The general counsel of the National Labor Relations Board yesterday upheld a contract between the United Auto Workers and Saturn Corp., a new subsidiary of General Motors Corp., setting up a unionized company in the right-to-work state of Tennessee.
The ruling by Rosemary M. Collyer gives GM and the UAW permission to proceed with an ambitious, $5 billion project to produce 500,000 small cars annually, beginning in 1990, at facilities now under construction in Smyrna, Tenn.
The ruling also represents a major setback for right-to-work advocates, who have argued that the UAW-Saturn contract contradicts Tennessee's "open shop" law, which gives workers the right to hold jobs without belonging to a labor organization.
Under the terms of the contract, approved last July 26 by Saturn officials and the union's executive board, UAW-represented workers currently employed at other GM facilities in the United States would receive preferential treatment in hiring at the new company.
The contract also guarantees "permanent job security" for at least 80 percent of the UAW-represented workers who would be hired at the Saturn complex.
In addition to those guarantees, Saturn officials agreed to give the union unprecedented access to company financial information and an equally unprecedented right to participate in nearly all decisions affecting Saturn operations.
The Virginia-based National Right to Work Committee, which last year filed unfair-labor-relations charges againt GM, Saturn and the UAW, said that the employment preferences given to the UAW in the contract were unlawful.
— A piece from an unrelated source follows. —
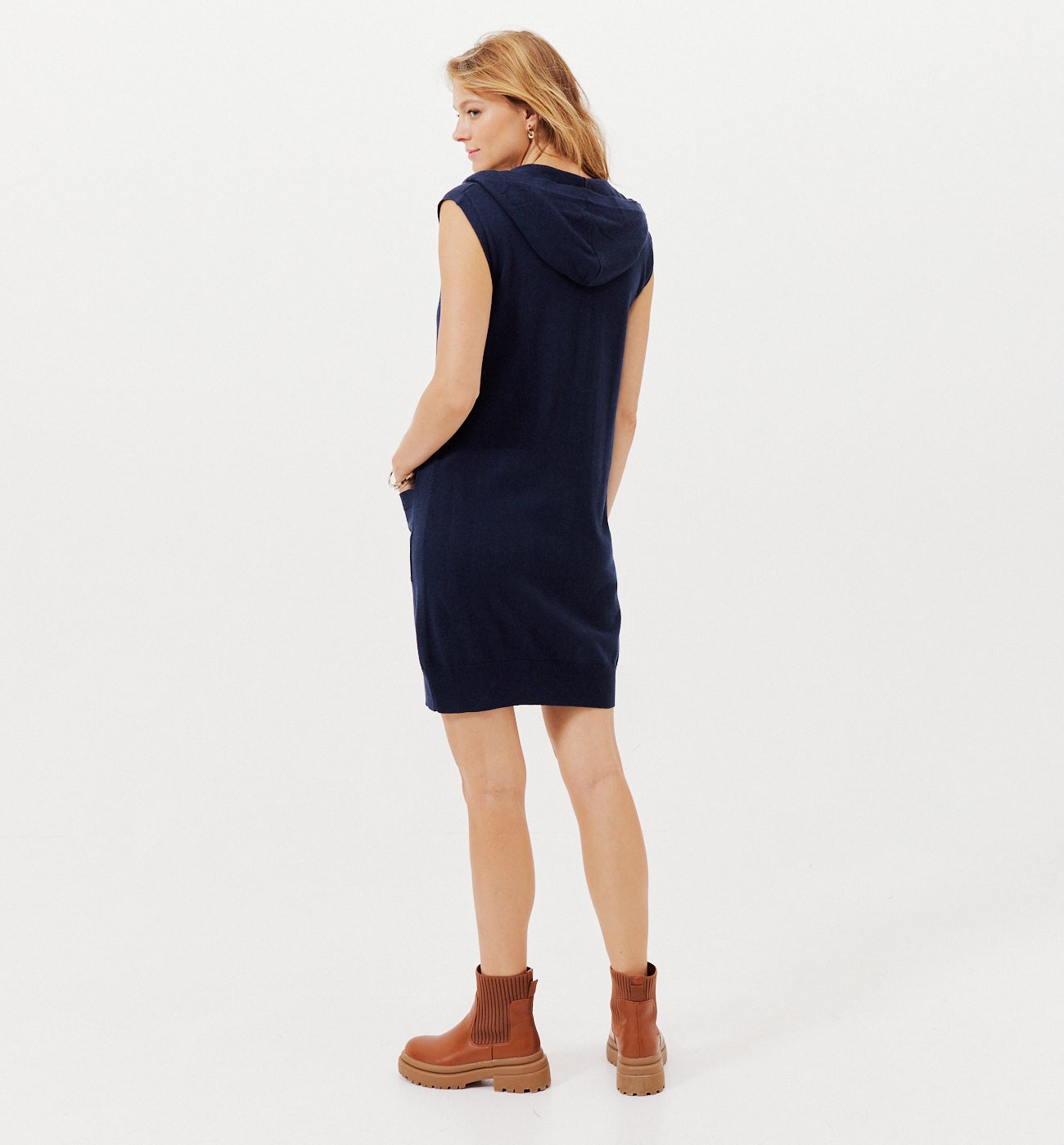 Hooded knit dress - Navy blue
The committee also accused GM of illegally accepting UAW representation before actually hiring a work force at Saturn.
Collyer rejected both of those arguments in her ruling yesterday.
The UAW-Saturn pact allows union membership only "to the extent permitted by Tennessee law," Collyer said. Because Tennessee is a right-to-work state, union security clauses -- "closed shop" provisions -- cannot be enforced, Collyer said. There are no union security provisions in the contract, which means that new Saturn employes have the right not to join the union, she said.
Collyer also said the preferential-hiring provisions of the UAW-Saturn contract are legal because they are "the result of bargaining between the parties about the effects of the Saturn Project on employes at existing GM plants."
That kind of bargaining is permissable under the National Labor Relations Act, she said.
"That's ricidulous," said Steve Kerekes, a spokesman for the National Right to Work Committee. "Her decision seriously jeopardizes right-to-work laws all around the country. This is a really sad development."
The NRWC will announce plans to appeal the ruling at a Washington press conference this week, Kerekes said.
Saturn officials applauded Collyer's ruling.